• WORK INSTRUCTION: If a record holds a picture, skip the picture but print everything else exactly.
===== DATA =====
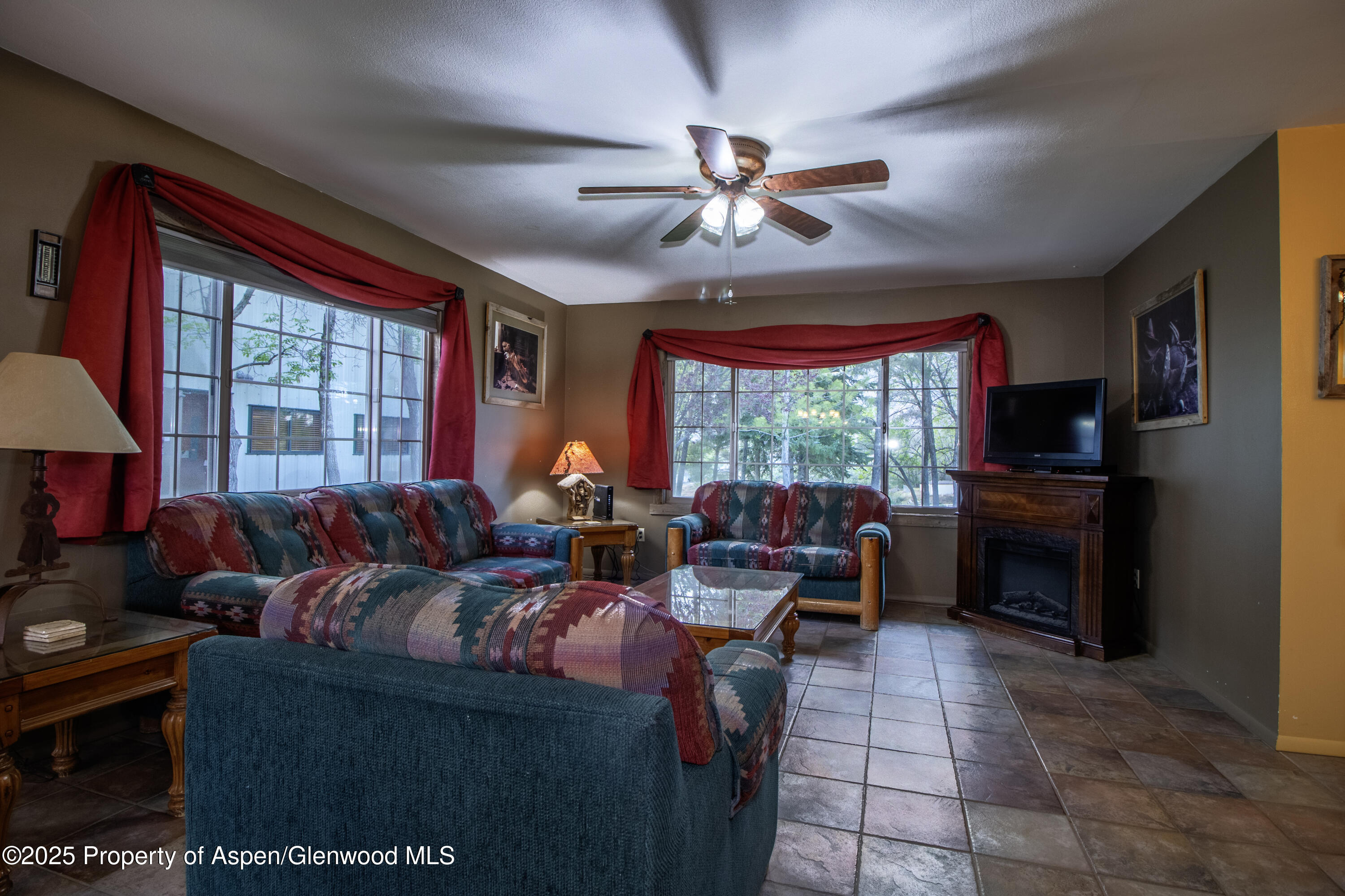 8700 County Road 300 Parachute, CO 81635 - Photo 135 of 201 a living room with furniture a fireplace and a flat screen tv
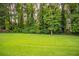 Expansive backyard featuring a lush green lawn and mature trees at 214 Jamestown Ave, Jonesboro, GA 30236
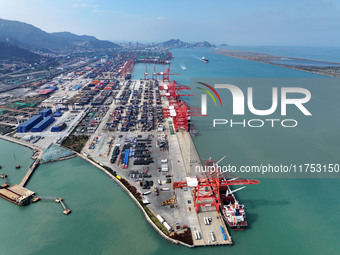 Cargo ships stop at their berths to load and unload containers at the container terminal in Lianyungang Port in Lianyungang, China, on Novem...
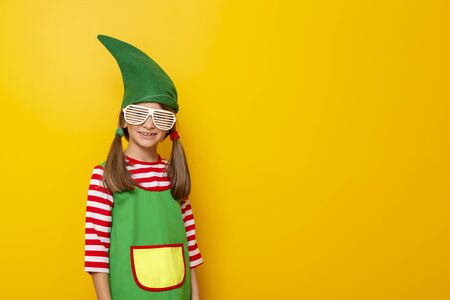 Portrait of a beautiful little girl wearing Christmas elf costume and party glasses on yellow colored background with copy spaceの写真素材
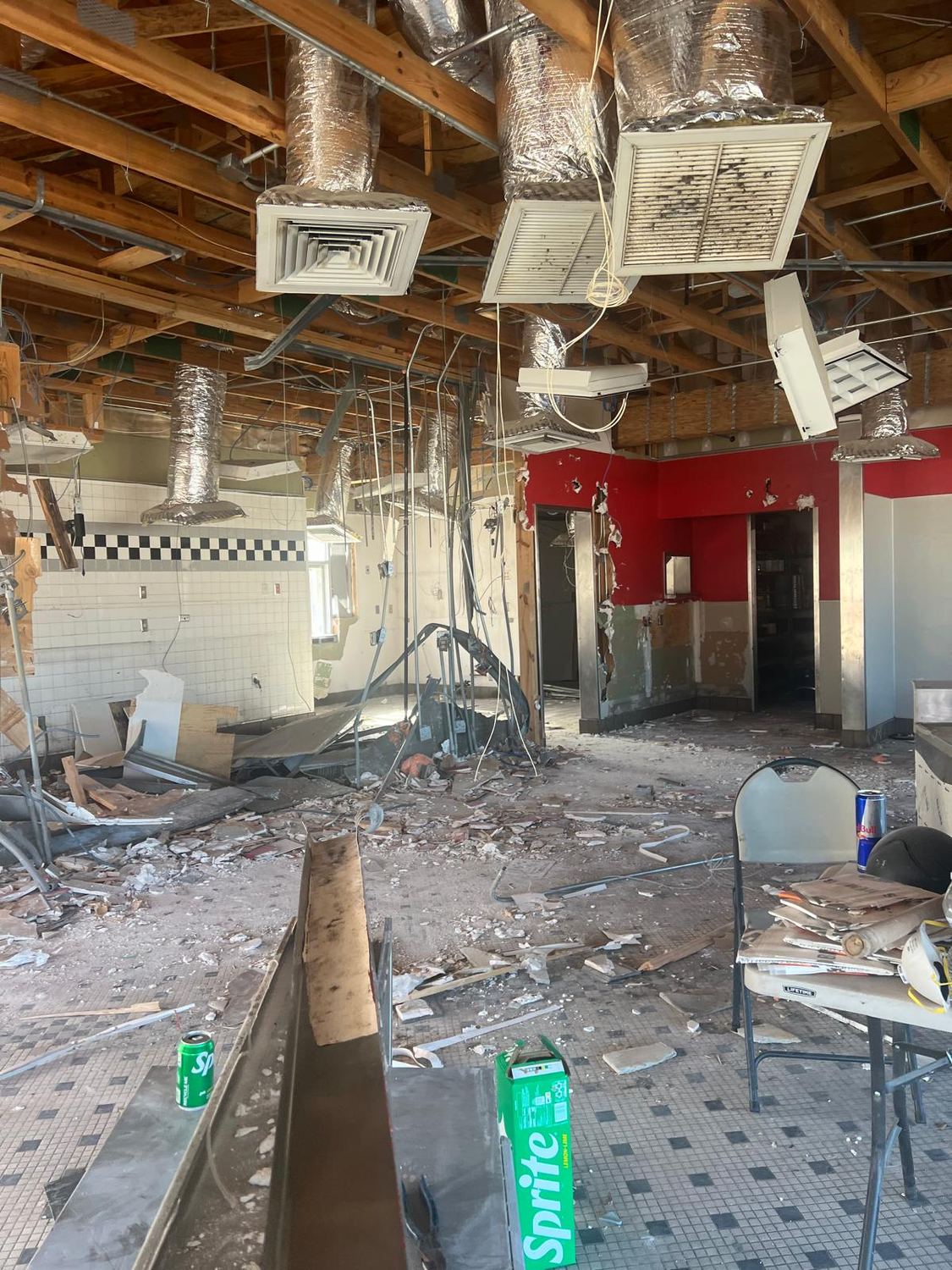 Demolition further along, structure exposed and debris across the floor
=====
• RESPONSE:
 8700 County Road 300 Parachute, CO 81635 - Photo 135 of 201 a living room with furniture a fireplace and a flat screen tv
 Expansive backyard featuring a lush green lawn and mature trees at 214 Jamestown Ave, Jonesboro, GA 30236
 Cargo ships stop at their berths to load and unload containers at the container terminal in Lianyungang Port in Lianyungang, China, on Novem...
 Portrait of a beautiful little girl wearing Christmas elf costume and party glasses on yellow colored background with copy spaceの写真素材
 Demolition further along, structure exposed and debris across the floor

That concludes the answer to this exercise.